Perfetti sconosciuti (2016) ITA di Paolo Genovese

Dopo la disgraziatissima parentesi di Sei mai stata sulla luna, Paolo Genovese ha ripreso in mano la sua brillante (fino a quel momento) carriera per tornare ad un film corale, ben scritto e ben recitato. Perfetti sconosciuti ha ottenuto non solo un ottimo risultato al botteghino, ma ha anche fatto razzia di premi portando a casa David, Nastro d’argento, Globo d’oro e Ciak d’oro in un colpo solo. Per tacere del premio alla migliore sceneggiatura conseguito al Tribeca Film Festival. Non è cosa da poco visti i giorni grami del cinema italiano.

Merito di una struttura corale notevole, di un meccanismo narrativo intelligente e a strati. L’avvio, classico da commediola all’italiana potrebbe far presagire uno scivolamento progressivo verso i luoghi comuni della nostra cinematografia, basata soprattutto sui tic ormai riconosciuti degli attori. Invece, lo sviluppo stravolge i preconcetti, incide nel profondo e lascia diverse letture. Gli attori possono dare vita alle loro complessità, passando in poco tempo dalla commedia al dramma con un cambio, in tono recitativo e capacità espressive, importante.
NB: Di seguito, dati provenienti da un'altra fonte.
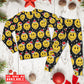 Smiling Face With Santa Hat Christmas Long Sleeve Pajamas Set For Winter Nights And Thoughtful Gifting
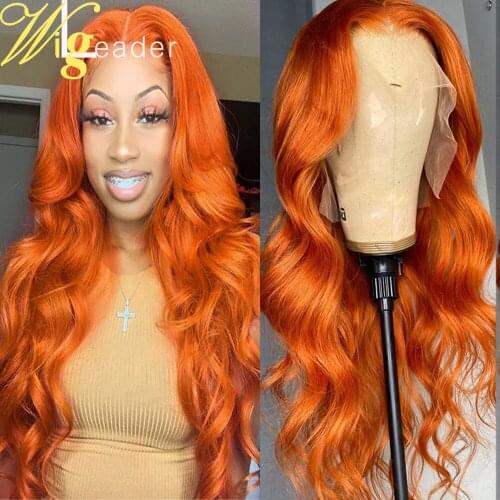 Ginger Orange Human Hair Lace Front Wigs 180% Preplucked Lace Frontal Wig Loose Wave Glueless Hair Wigs Wavy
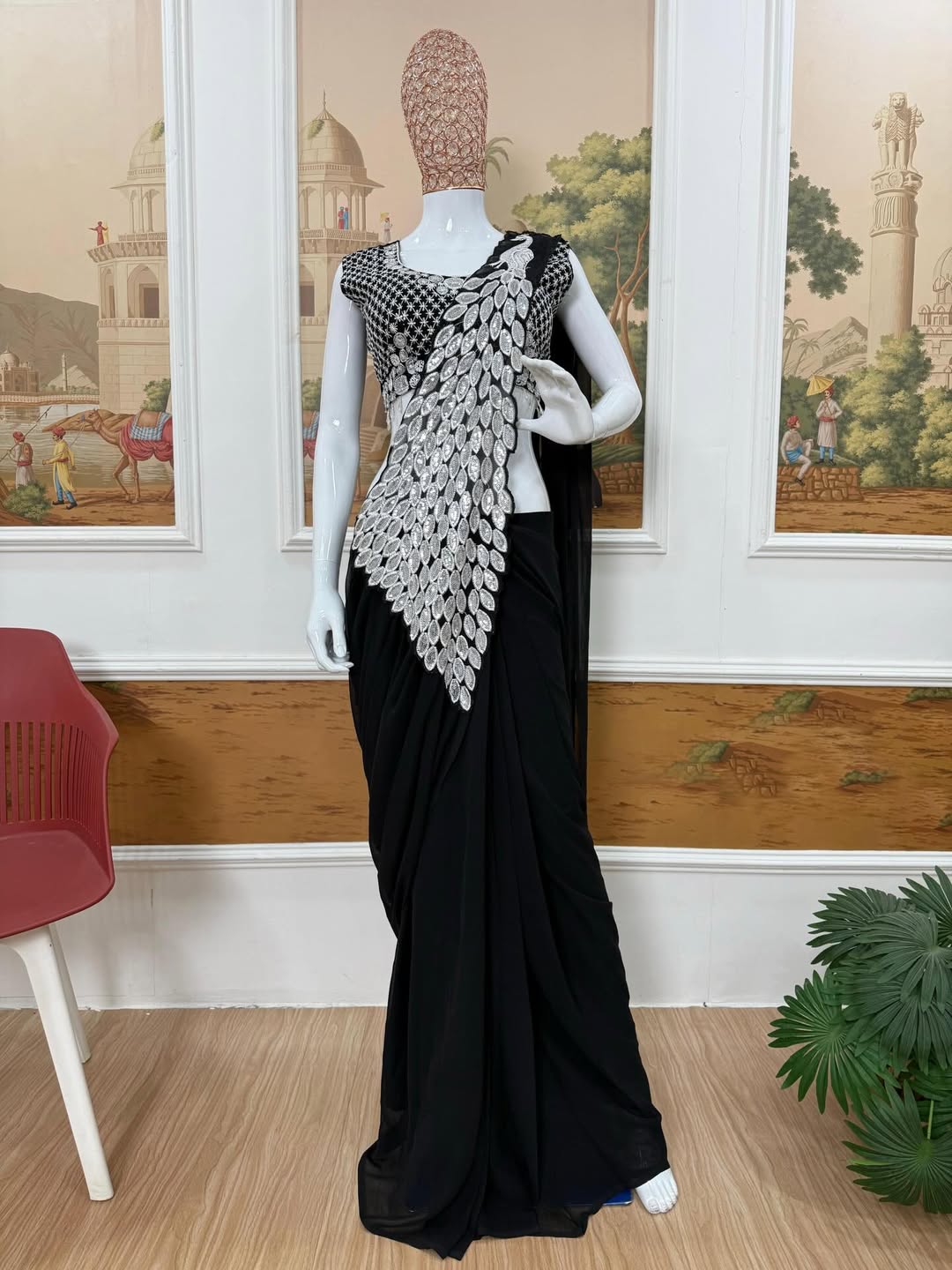 TRENDING READY TO WEAR SAREE WITH FULLY EMBROIDERED STYLIST BLOUSE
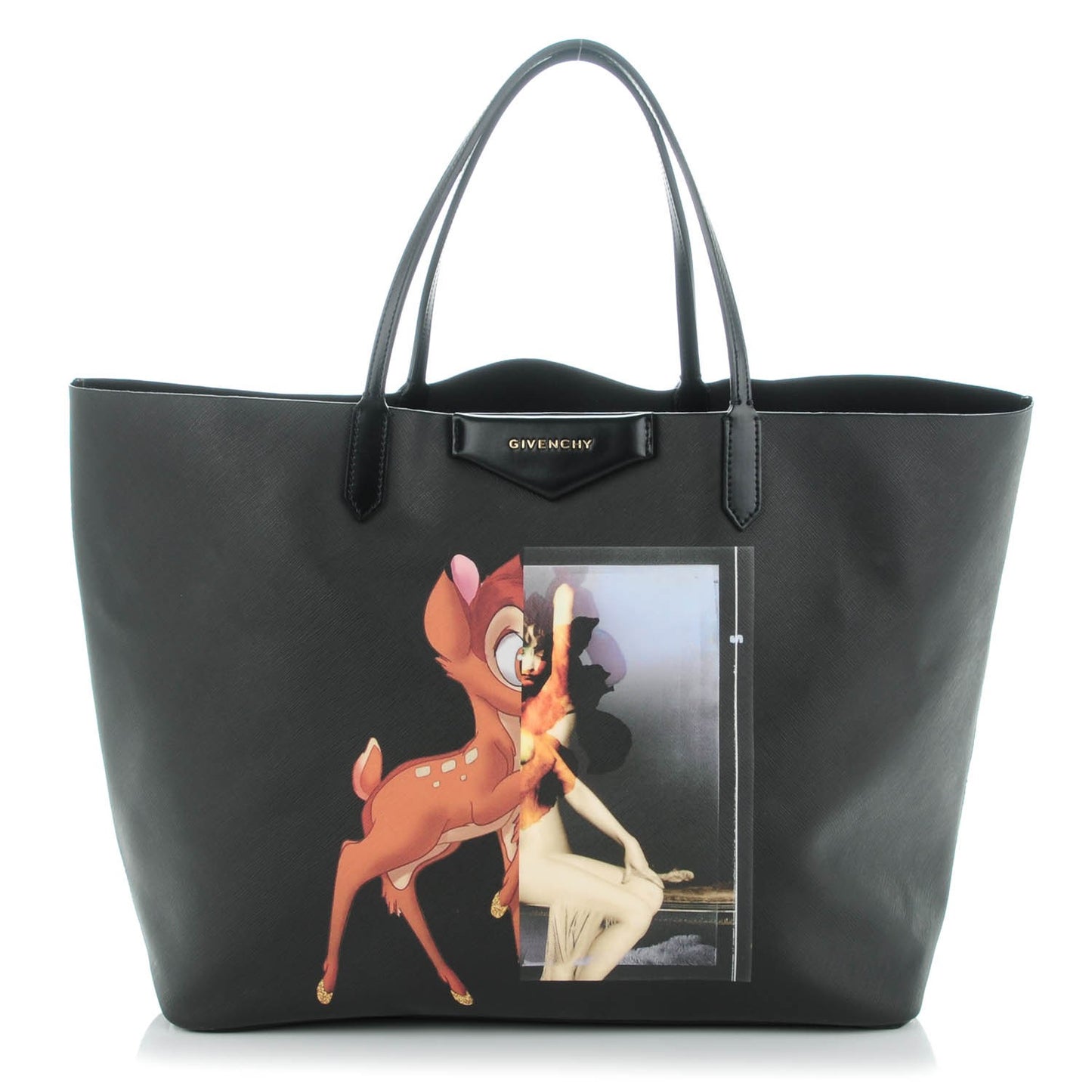 Textured Coated Canvas Bambi Print Large Antigona Tote Black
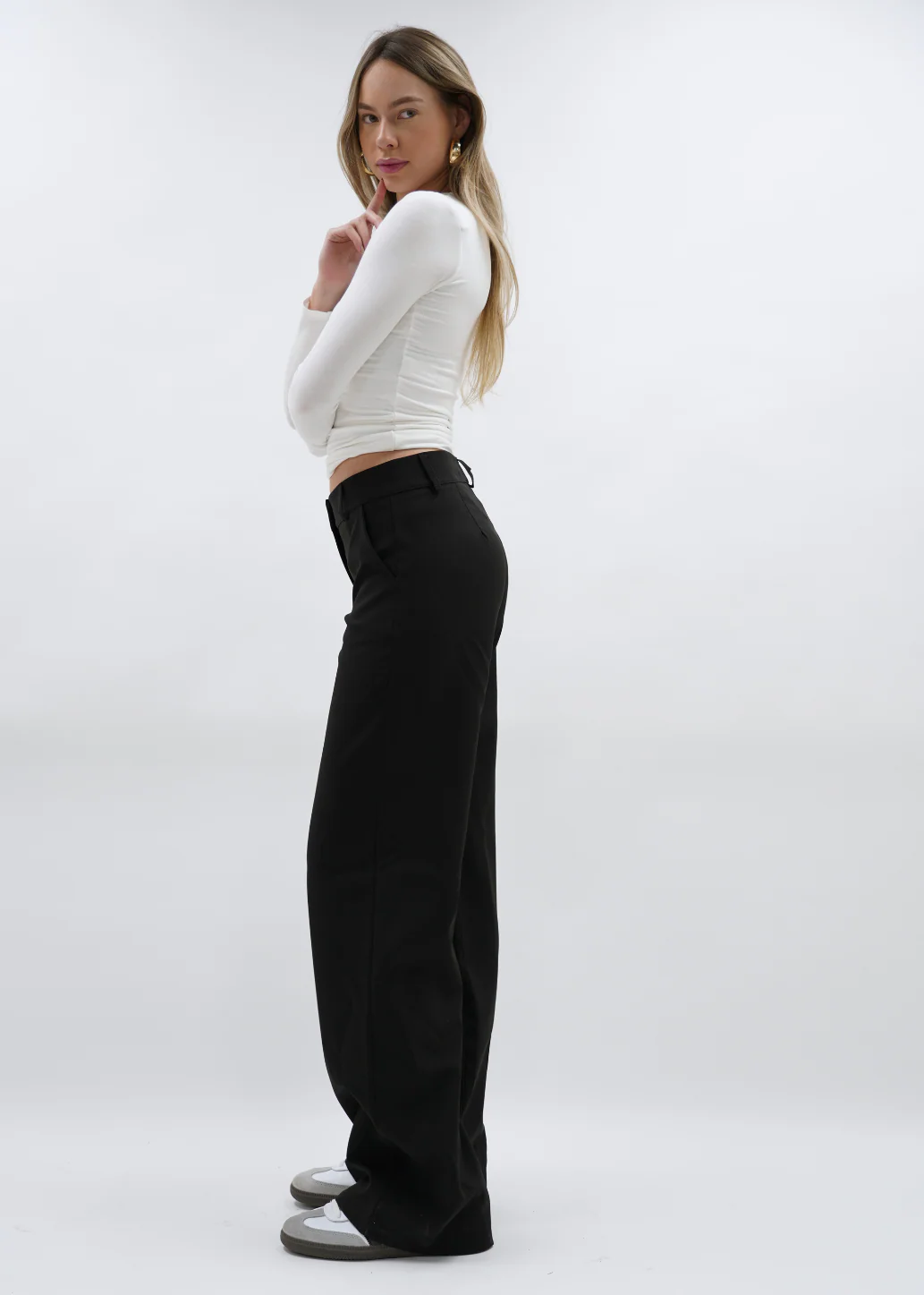 Low/mid waist pants casual black (regular) - Image 4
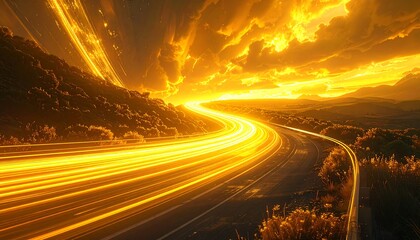 Golden Highway - A Journey Through Light and Speed.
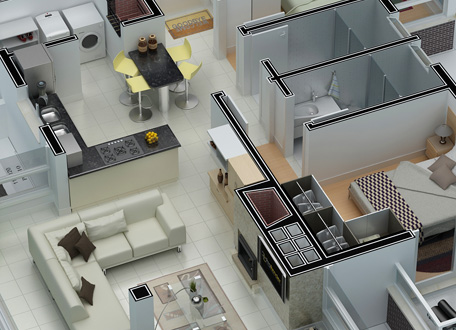 Planta 3D Apartamento 102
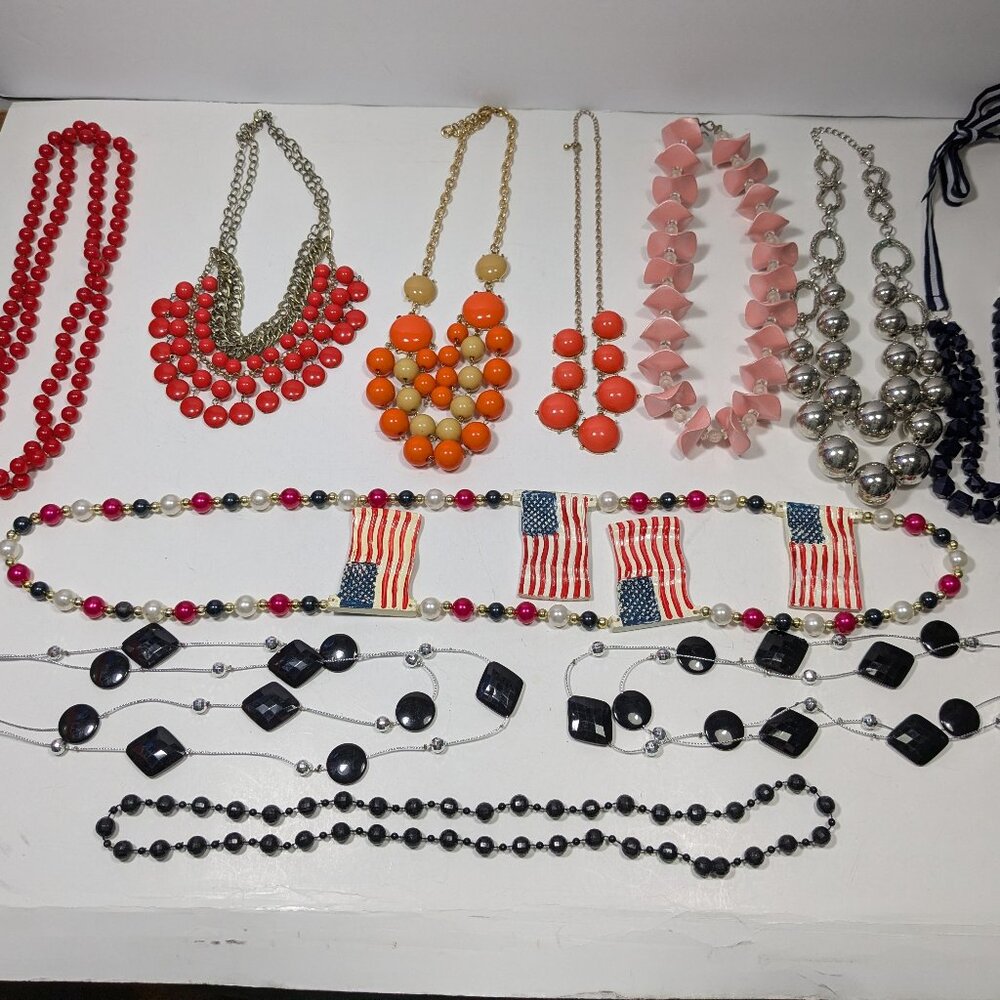 Beaded Statement Necklace Lot 11 Ready to Wear Fashion Jewelry Variety Colorful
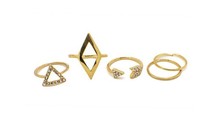 Artilady new design 5pcs set stacking punk ring geometry midi ring with crystal women rings J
Qua, in effetti, si vedono i limiti di alcuni (Edoardo Leo, Anna Foglietta pur non male), e lo spessore di altri (svettano Mastandrea, Giallini e Battiston, quest’ultimo in particolare). Tutti, però, sono nel ruolo.

La regia è avvolgente, non si lascia distrarre, ma sorregge il climax accarezzando i personaggi. Genovese non eccelle ma non si perde neppure in manierismi, non decora, fotografa con forza, guida il crescendo drammatico con sicurezza. E sorprende, con un finale che ha molti finali, non chiude nulla e ci lascia perplessi sulla nostra fragilità e ipocrisia.